Bad Start to October for Stocks
Thursday, October 1st, 2009As good as the third quarter was for the stock market, October and the fourth quarter sure got off to a rough start. The Dow fell 203 points on this first day of October and the broader S&P 500 lost 27.23, or 2.58%. The weakness today was evident from the very beginning of the session and the selling pressure didn’t let up until the closing bell rang.
What was the cause of today’s weakness? There were quite a few things to blame for today’s terrible start to the month of October. First of all the economic data released data was very disappointing to investors. Jobless claims rose much more than expected, and the ISM Manufacturing Index also came in below expectations. In addition to these problems market participants likely are trying to take some profits from the historical run up that we have seen in the market over the last few months. Finally, stocks were drug down by the stronger US dollar, which was buoyed by supportive comments from Ben Bernanke. In the end there were plenty of reasons to sell and with a market that has come so far and so fast, it fell quickly.

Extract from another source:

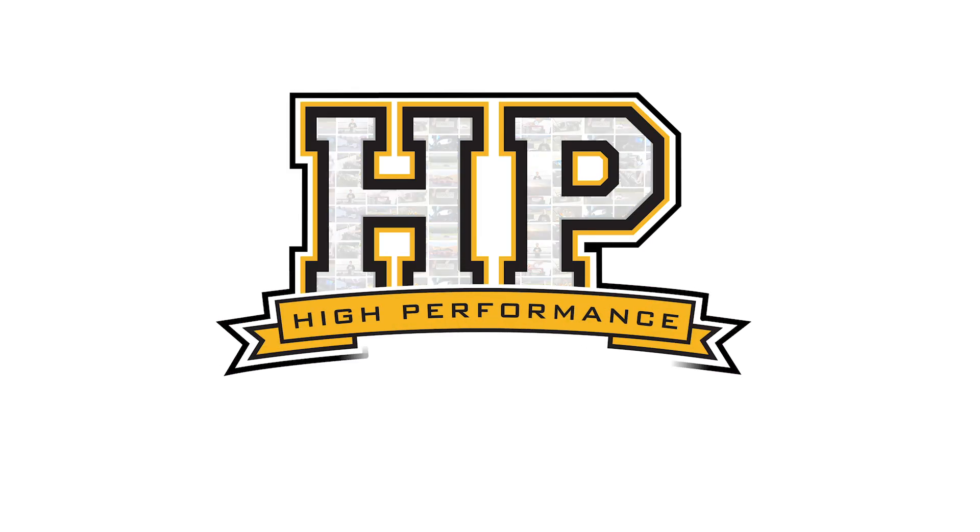Hi guys, Andre from High Performance Academy, welcome along to another one of our webinars. Today we're going to be addressing one of the topics that I know a lot of tuners struggle with, which is how to get great crisp cold start performance that replicates what the factory do. We'll get into that shortly and share a few tricks and tips. Today we are working on the Haltech Elite 2500 platform in our Subaru STI.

Keep in mind that October is historically not a great month for stocks. Stocks bucked the trend in September by finishing with a very nice result, but historically speaking seeing a pullback in the month of October should not come as a surprise to investors. How do you use a potential pullback in stocks? If you have confidence that the economy is indeed turning around and corporate balance sheets will continue to improve then now is a good time to start making out a shopping list of stocks to put on your radar that might be a good buy when the selloff occurs. The month of October has historically been a good time to load up on stocks when pullbacks occur, so keep that in mind!